WHAT YOU WILL DO — Please, could you print all the lines below exactly, leaving out the pictures?

INFORMATION SHOWN —
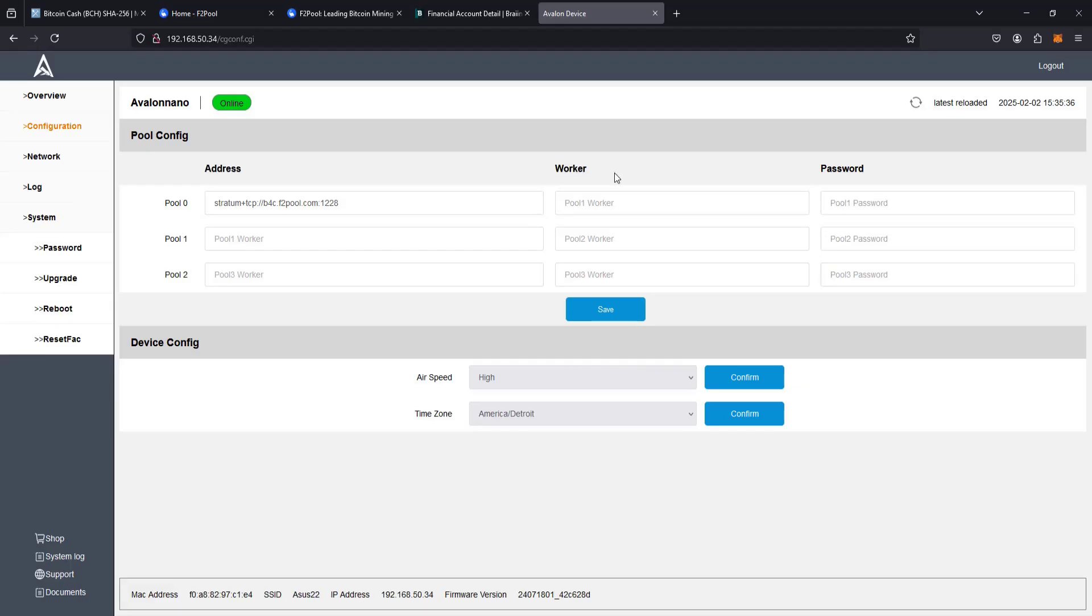And to do this, we're going to set up our payment method with our Bitcoin Cash wallet address over in our F2pool account. And then after doing that, I'll show you what we're going to put in the worker area after that.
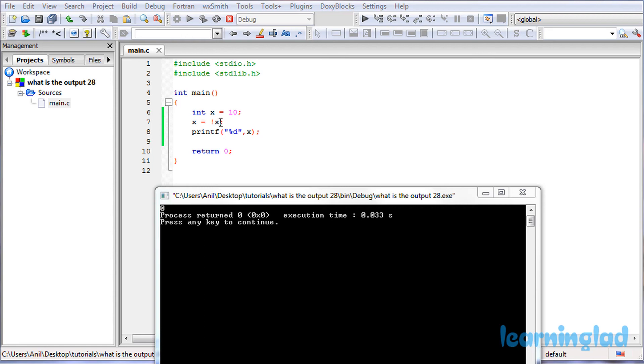So the false value which is gonna be returned is gonna be 0, and that will be stored again in this variable x. And when we print out, we're gonna get the output as 0.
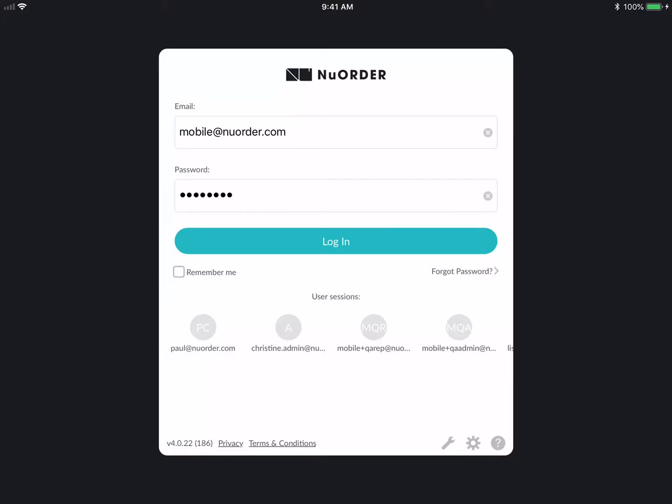Hi everyone, welcome to the New Order webinar. My name is Julia and I work on the product team here. Today we're going to go over the new Mobile 4.0 app. If you search on the Apple App Store for Mobile 4.0 you can download it — it's the one with the black icon.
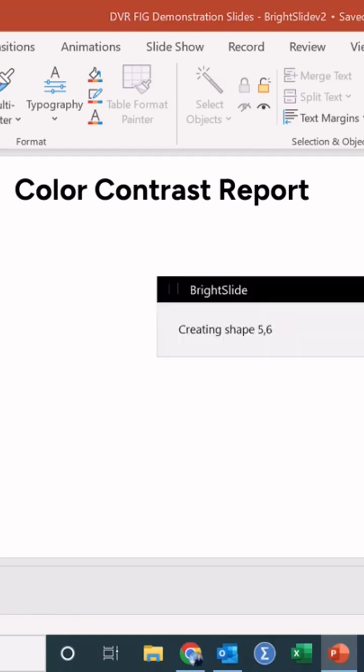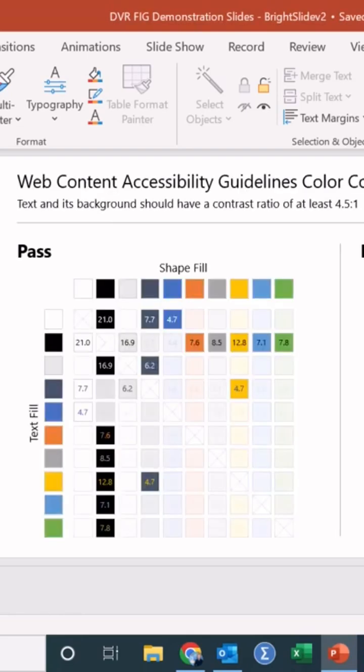It's going to pop up a new slide with a table of those color combinations that pass and the color combinations that fail.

EXPECTED OUTPUT —
And to do this, we're going to set up our payment method with our Bitcoin Cash wallet address over in our F2pool account. And then after doing that, I'll show you what we're going to put in the worker area after that.
So the false value which is gonna be returned is gonna be 0, and that will be stored again in this variable x. And when we print out, we're gonna get the output as 0.
Hi everyone, welcome to the New Order webinar. My name is Julia and I work on the product team here. Today we're going to go over the new Mobile 4.0 app. If you search on the Apple App Store for Mobile 4.0 you can download it — it's the one with the black icon.
It's going to pop up a new slide with a table of those color combinations that pass and the color combinations that fail.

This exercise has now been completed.